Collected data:
--

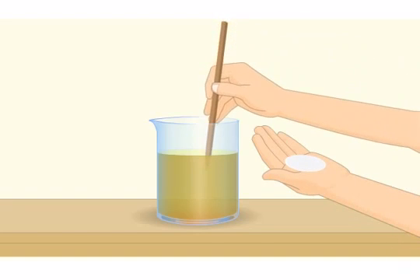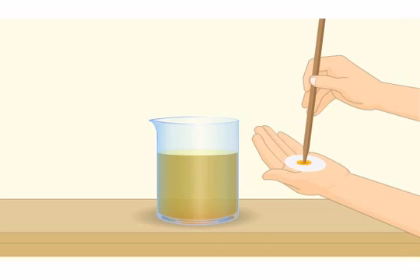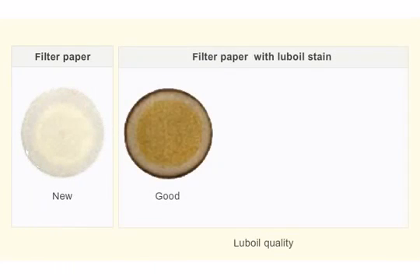Take a drop of lube oil from the sample and put it on a filter paper. Wait till the filter paper adsorbs the oil. If the strain on the filter paper is light and clear, it indicates the oil is fresh and can be used.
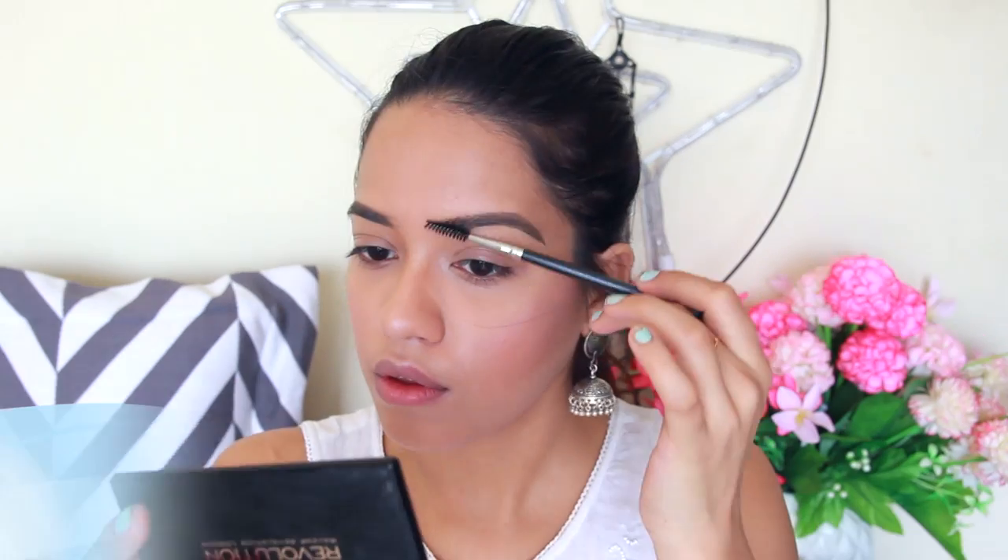For eyebrows, another absolute must-have is a spoolie. The Pak 322 spoolie is great for grooming your eyebrows or cleaning out excess mascara if you've applied too much.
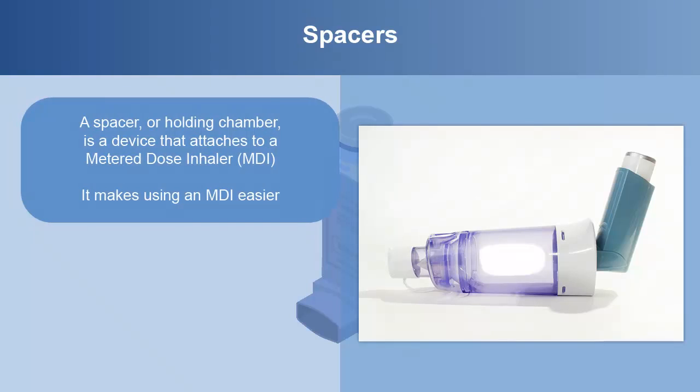A spacer or holding chamber is a device that attaches to a metered dose inhaler or MDI. It makes using an MDI easier because the spacer briefly holds the suspended medicine mist until you breathe it in. Without the spacer, more medicine would be absorbed in your mouth instead of being delivered to your lungs. If you are supposed to use a spacer with your medicine, make sure to use it with each of your MDIs every time you use one.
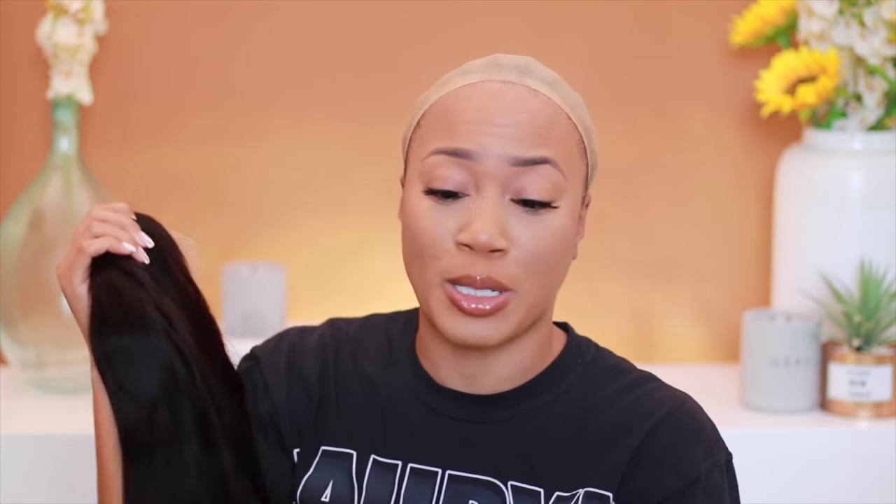Then there is the actual wig itself. There's a bunch of paper in the packaging — when I used to ship out my own wigs from forevercrissy.com, I'd never package them with paper because I never understood the purpose. We'll talk about that later, but yeah — there is the actual wig.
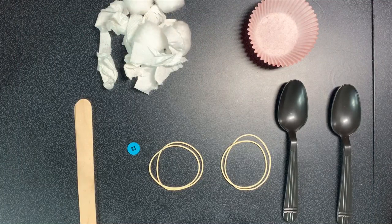Hello and welcome back to OT in a Pinch. Today we're going to learn how to make homemade tongs. This activity helps with hand strength and the use of small muscles in your hand to encourage grasp and release of objects.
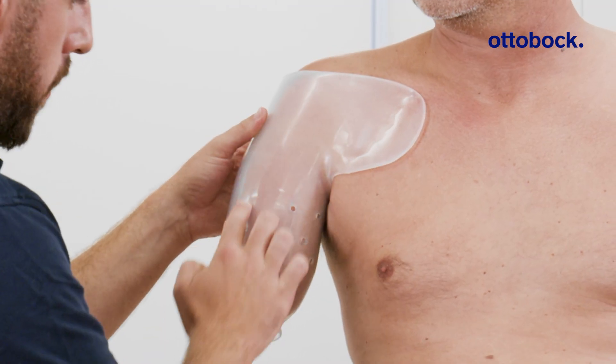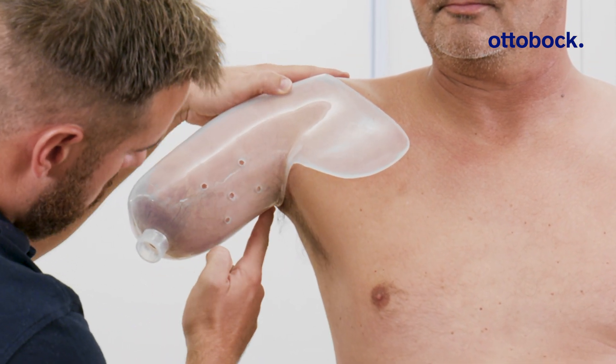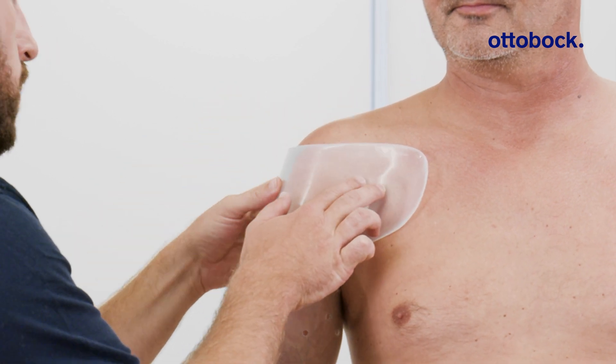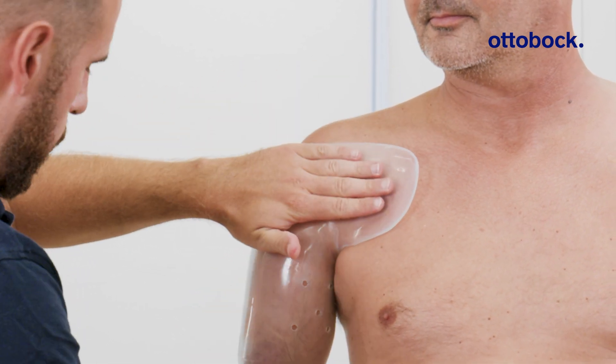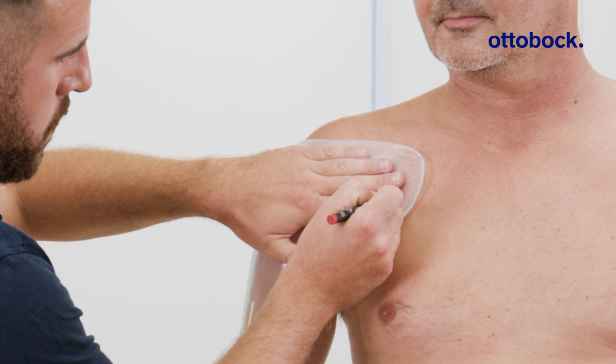Next, verify that the axillary soft tissue is fully enclosed by the socket for a secure and comfortable fit. The anterior and posterior socket walls should extend approximately one hand length from the lateral midpoint of the residual limb.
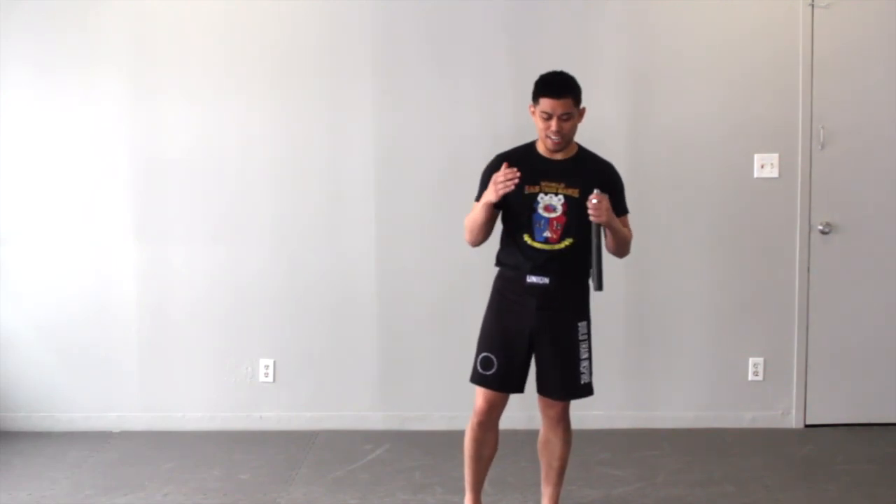What's going on everyone? This is Mark here and today I'm bringing you a nice quick fun video on how to cross-train your Filipino martial arts weapon skills.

--

> [Task to carry out]: Print exactly the first line of the entries and every line after it through the one that contains "Next, verify that", leaving the pictures out.

> [Answer section]:
Take a drop of lube oil from the sample and put it on a filter paper. Wait till the filter paper adsorbs the oil. If the strain on the filter paper is light and clear, it indicates the oil is fresh and can be used.
For eyebrows, another absolute must-have is a spoolie. The Pak 322 spoolie is great for grooming your eyebrows or cleaning out excess mascara if you've applied too much.
A spacer or holding chamber is a device that attaches to a metered dose inhaler or MDI. It makes using an MDI easier because the spacer briefly holds the suspended medicine mist until you breathe it in. Without the spacer, more medicine would be absorbed in your mouth instead of being delivered to your lungs. If you are supposed to use a spacer with your medicine, make sure to use it with each of your MDIs every time you use one.
Then there is the actual wig itself. There's a bunch of paper in the packaging — when I used to ship out my own wigs from forevercrissy.com, I'd never package them with paper because I never understood the purpose. We'll talk about that later, but yeah — there is the actual wig.
Hello and welcome back to OT in a Pinch. Today we're going to learn how to make homemade tongs. This activity helps with hand strength and the use of small muscles in your hand to encourage grasp and release of objects.
Next, verify that the axillary soft tissue is fully enclosed by the socket for a secure and comfortable fit. The anterior and posterior socket walls should extend approximately one hand length from the lateral midpoint of the residual limb.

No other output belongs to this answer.